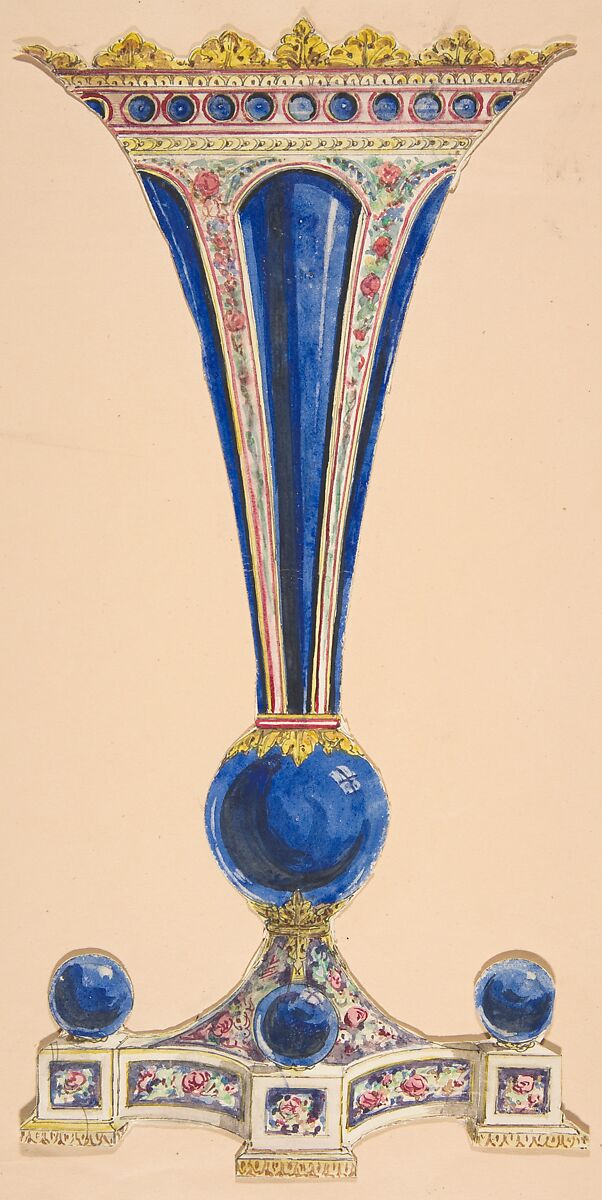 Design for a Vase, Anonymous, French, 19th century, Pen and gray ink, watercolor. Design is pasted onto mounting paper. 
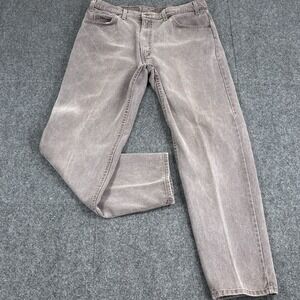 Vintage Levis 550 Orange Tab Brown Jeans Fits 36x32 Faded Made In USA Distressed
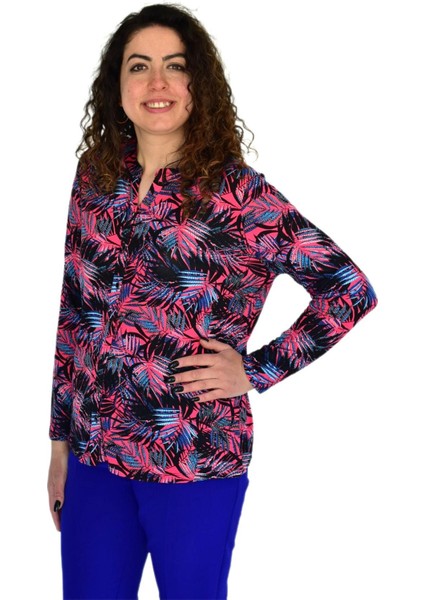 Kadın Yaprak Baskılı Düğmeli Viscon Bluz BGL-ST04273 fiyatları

__Your goal__. Your reply should consist solely of the lines from the one containing "Vintage Levis 550" through the last line of the material, reproduced exactly and without pictures.

__Response to this exercise__.
 Vintage Levis 550 Orange Tab Brown Jeans Fits 36x32 Faded Made In USA Distressed
 Kadın Yaprak Baskılı Düğmeli Viscon Bluz BGL-ST04273 fiyatları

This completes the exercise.